Output, exactly as written, the lines below starting at the line containing "Produktbild: YOZISS Skibrille" and ending at the line containing "Valeria Fedeli nel". Drop the pictures and keep both end lines.

§ Working data

#####

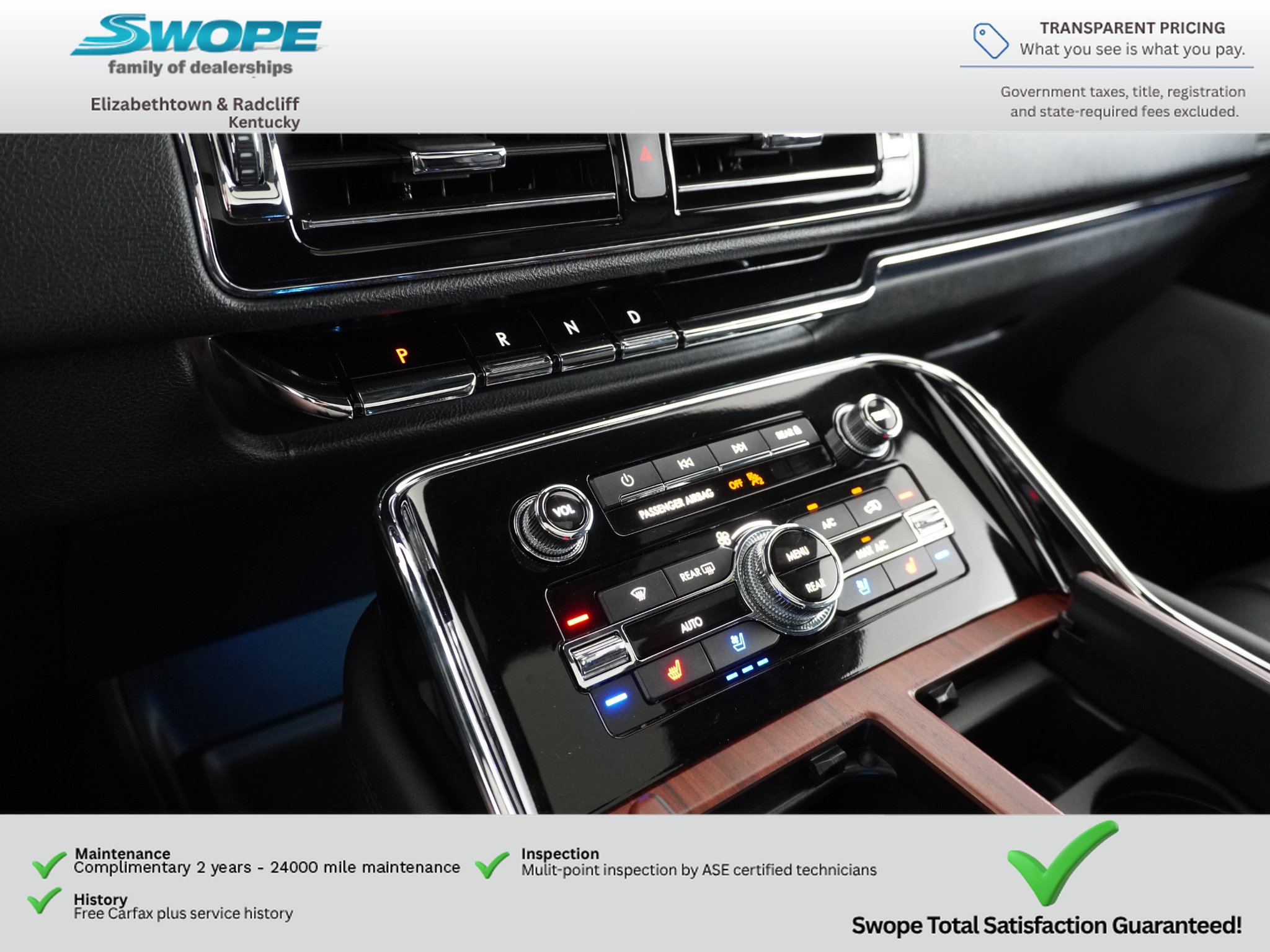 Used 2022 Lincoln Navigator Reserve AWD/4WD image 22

#####

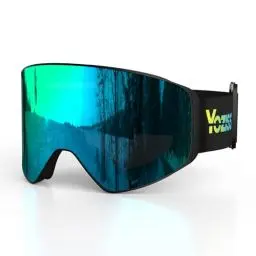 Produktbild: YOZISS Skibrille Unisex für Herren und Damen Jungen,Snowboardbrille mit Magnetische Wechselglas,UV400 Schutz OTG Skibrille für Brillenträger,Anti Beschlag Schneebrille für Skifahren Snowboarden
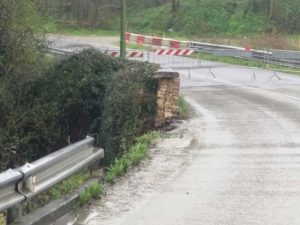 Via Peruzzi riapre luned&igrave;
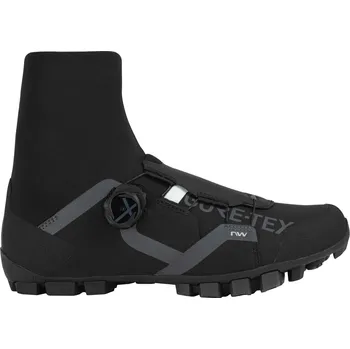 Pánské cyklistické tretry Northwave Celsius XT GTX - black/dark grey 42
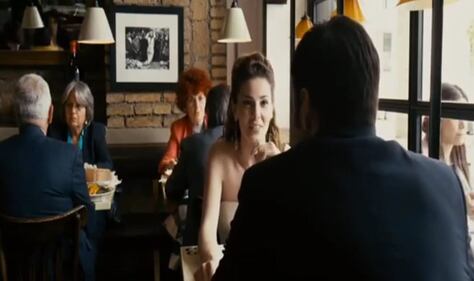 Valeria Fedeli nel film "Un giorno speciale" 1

#####

§ Task result
 Produktbild: YOZISS Skibrille Unisex für Herren und Damen Jungen,Snowboardbrille mit Magnetische Wechselglas,UV400 Schutz OTG Skibrille für Brillenträger,Anti Beschlag Schneebrille für Skifahren Snowboarden
 Via Peruzzi riapre luned&igrave;
 Pánské cyklistické tretry Northwave Celsius XT GTX - black/dark grey 42
 Valeria Fedeli nel film "Un giorno speciale" 1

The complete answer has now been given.